Day #99: Conversations With James

Whew. I would say it's been a hard week except I don't remember an easy one anymore.

The good news: Daddy, who has been going in to work every day this week, is home tomorrow and isn't really working at all. Mama, who last night slept with Max because that was the only way he was going to sleep at all, could use the help.

Today was a weird day. It started out pouring rain so we had to cancel a scheduled visit with Grandpa. And then it ended sunny and beautiful, so much that James complained about the sun on our walk after dinner. Like...really, dude?

Yesterday we swung by our neighborhood bookstore and picked up a book order which I'm hoping is the last one for awhile because the library is planning to let us pick up and drop off very soon. But I focused on Black authors for this order and one of the books was Little Legends: exceptional men in Black history for James.

He wasn't super interested. We have Little Leaders, which is the one she did on Black women, and he tried to give it away last week when asked to clean his bookshelves. But after reading the other book we picked up, about a baseball playing girl, he agreed to let me start reading Little Legends with him tonight.

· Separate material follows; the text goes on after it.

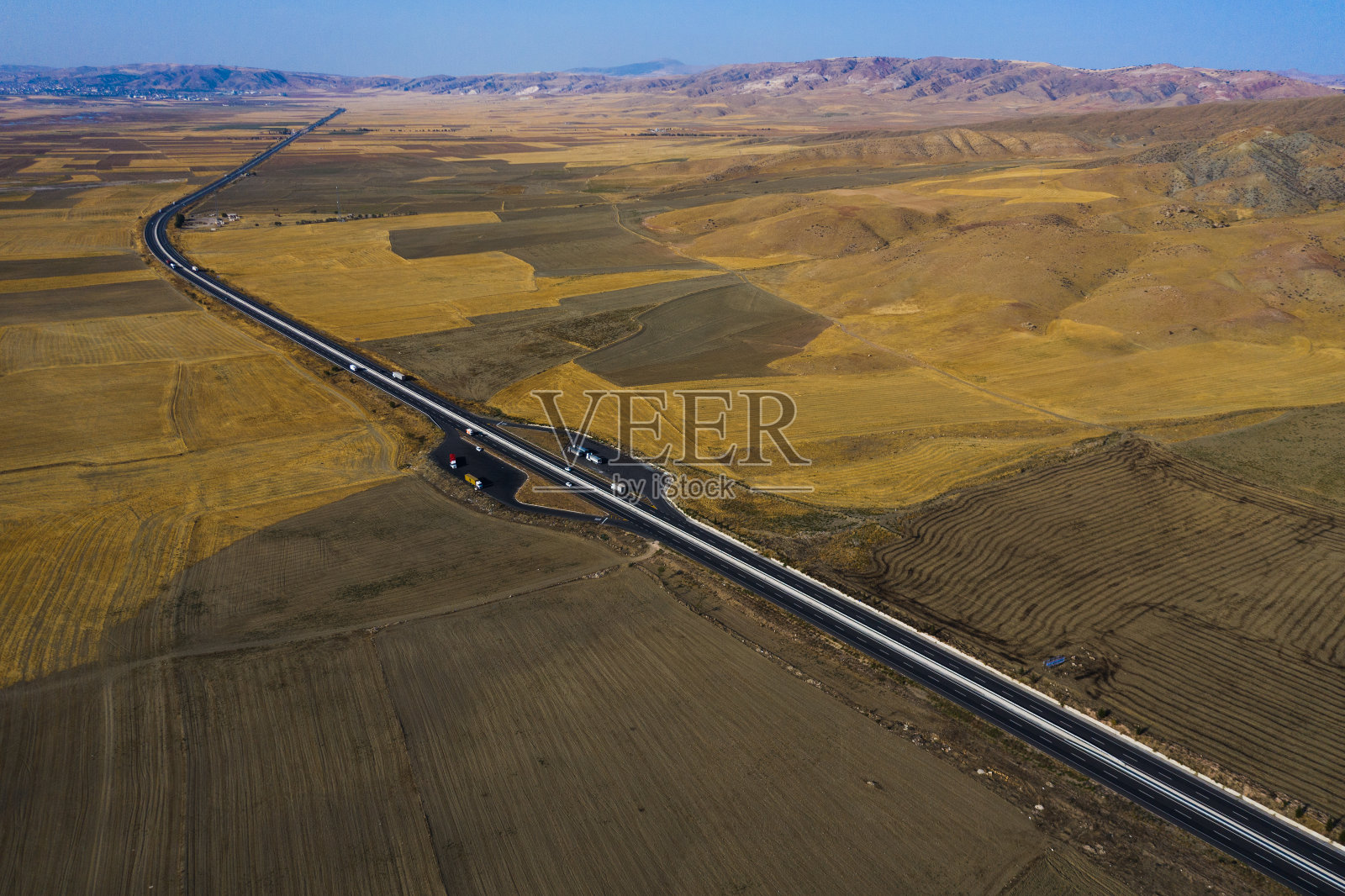 土耳其中部高地附近的高速公路照片摄影图片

It did spark conversation. I've been trying as best I can to be honest with him about what is going on without being graphic. As in, he knows people have been hurt and we are worried about everyone being safe when interacting with police, but he doesn't know that people have died and he has not seen the video. (I haven't even seen all of the video.) I don't want to lie to him, I want him to know what the protests are about, he's participated in candelight vigils with me, but he is also six.

He asked if people are still mean to people because they are Black, I said yes, he asked why, that was harder to explain but I tried to talk to him about bias and how we as white people need to fight against it even if we don't now that we have it. Then he asked what he could do and we talked about saying something if he sees something and not being a bystander. I told him what makes me most angry is the cops who just stood by and watched and didn't do anything. He didn't like that at all and just said "I don't think they are real. I think they are bad guys dressed like cops."

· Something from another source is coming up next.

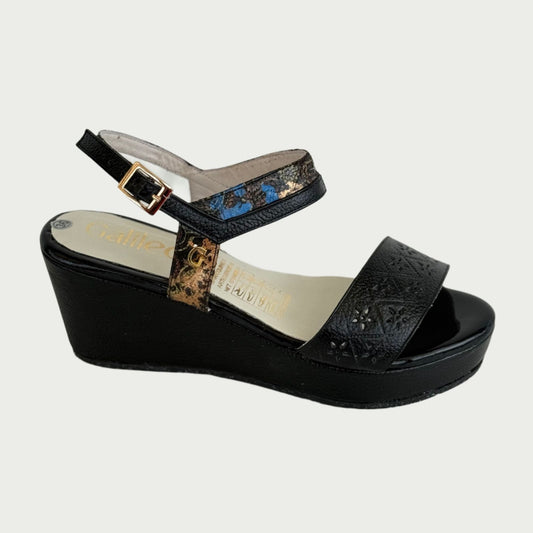 Sandalias en cuero negro Ref: PN820XPN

There's no manual for parenting through this. There's no guarantee the world he's inheriting will be any less fucked up than this, in fact it isn't getting better. I hate that. I hate that my stomach clenches when people talk about their futures because I just hope there IS a future for them. But I like having a kid who wants to talk, who wants to understand. Even when I don't have answers.

Today's media consumption: Thank God for bad TV. And Josh and I watched more Community tonight, including the COVID table read episode. That was fun. For me, I finished Hillbilly Elegy yesterday and my Emily of New Moon audiobook. I listened to the podcast episode of The Unconventional Woman I mentioned on the last blog post and I started reading From the Desk of Zoe Washington that was part of yesterday's book order. So far I like it.

Today I'm grateful for walks in both rain and sun, movie day with the boys, that Max is currently sleeping and I got to hang out with Josh, and for some time off hopefully in the next few days. Like...I might get to go to Target alone.